4.1: Hypothesis Testing and Probability Distributions
2. Probability Distributions:
o Visualize the probability distribution of a dataset using histograms and probability density functions (PDFs).
A Python program to visualize the probability distribution of a dataset using histograms and probability density functions (PDFs).
Program:
import numpy as np
import matplotlib.pyplot as plt
import seaborn as sns
# Step 1: Generate or provide sample data
data = np.random.normal(loc=50, scale=10, size=1000) # Example: 1000 data points with mean 50 and standard deviation 10
# Step 2: Create a histogram and overlay a KDE plot
sns.histplot(data, bins=30, kde=True, color='purple')
# Step 3: Label the graph
plt.title("Probability Distribution of Sample Data")
plt.xlabel("Value")
plt.ylabel("Frequency")
plt.show()
Output:
The output will be a plot that looks similar to this:
Histogram: The bars represent how frequently each range of values appears in the dataset.
KDE Plot (Smooth Curve): The curve overlays the histogram and shows the probability density function (PDF), indicating where the data values are most concentrated.

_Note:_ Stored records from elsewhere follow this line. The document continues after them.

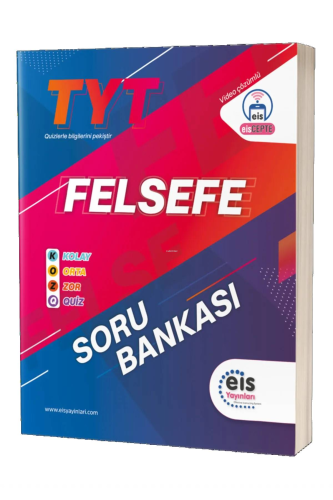 Tyt - Felsefe - Soru Bankası - Kitapiks.com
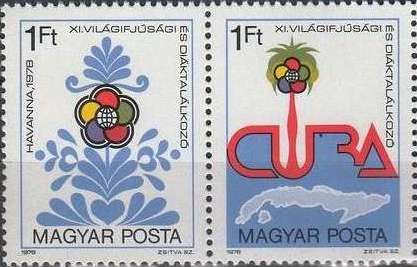 Congress Emblem, “CUBA” and Map of Cuba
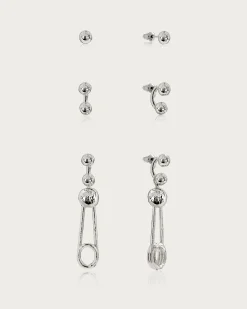 Boucles D'oreilles trea En argent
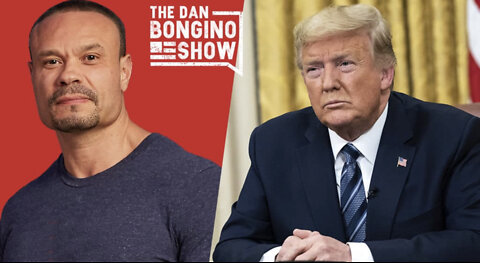 5/24/22-Super-Ultra MAGA President Donald J. Trump, Joins The Bongino Radio Show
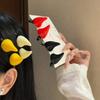 2Pcs Solid Color Devil Horn Hair Clips OX Horn Shape Duckbill Hair Clips New Hair Barrettes  Women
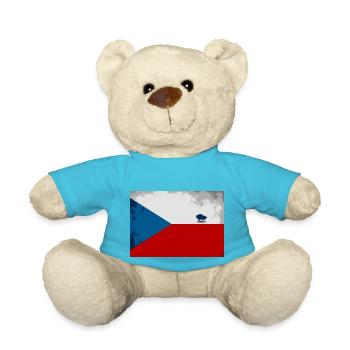 Czech Republic - Teddy Bear - atoll blue - Front
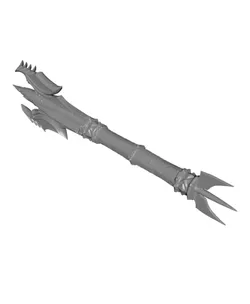 Skyrim Melee prop file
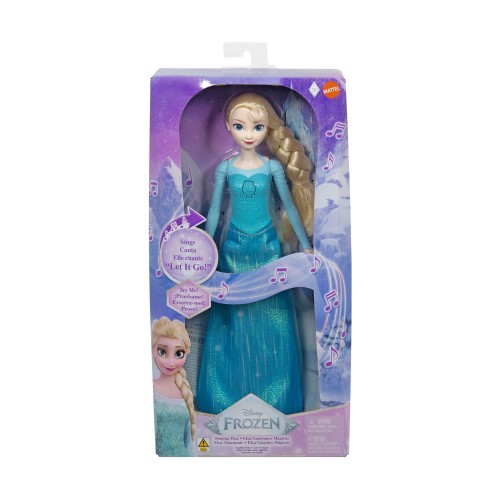 Barbie Frozen Elsa Που Τραγουδάει (JDX52)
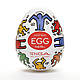 Встановити Tenga Keith Haring EGG Dance (6 яйця), фото 2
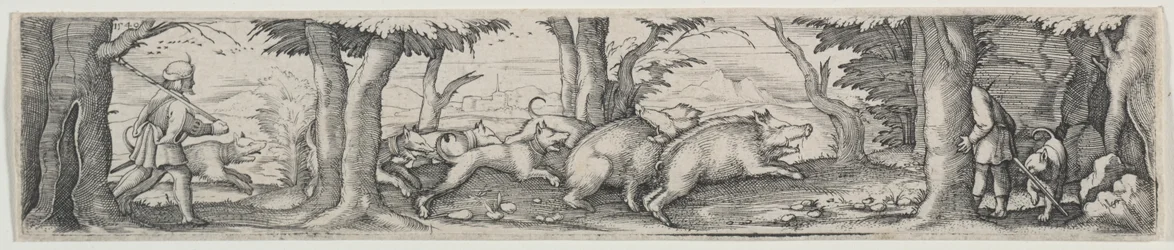 Boar Hunt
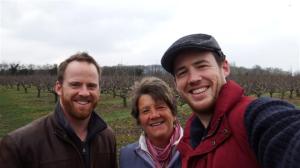 Selfie with the bearded ones (sorry boys blame Dad for the ginge!)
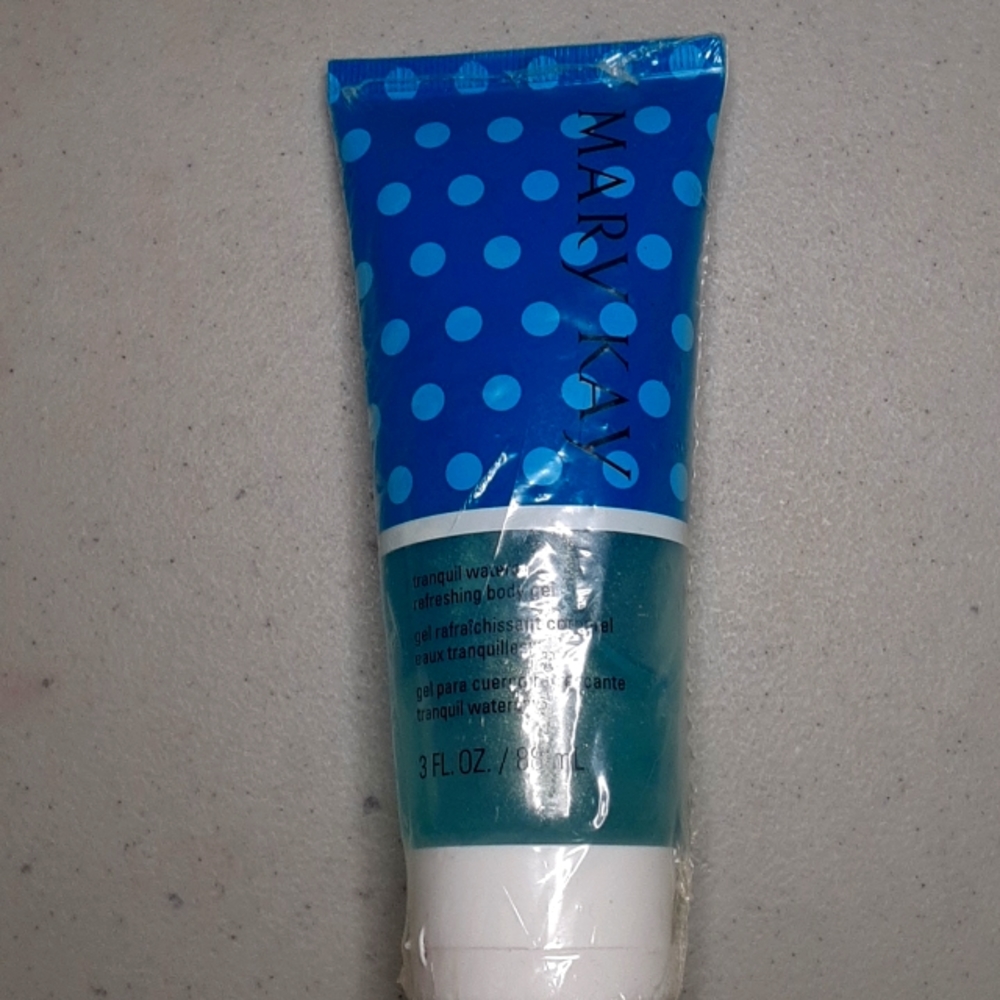 Mary Kay Tranquil Waters refreshing body gel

When you run this program, you will see a graph with a smooth bell-shaped curve overlaid on a histogram. This is typical for data that follows a normal distribution, where the mean is at the center of the peak, and the spread indicates the standard deviation.
Explaination:
Generate Sample Data:
np.random.normal(loc=50, scale=10, size=1000): This generates 1000 data points from a normal distribution with a mean of 50 and a standard deviation of 10. You can replace this with your own dataset.
Histogram and KDE Plot:
sns.histplot(data, bins=30, kde=True, color='purple'): This line creates a histogram and overlays a Kernel Density Estimate (KDE) plot, which provides a smooth probability density function (PDF).
Labeling and Display:
Titles and axis labels are added for better understanding, and the plot is displayed using plt.show().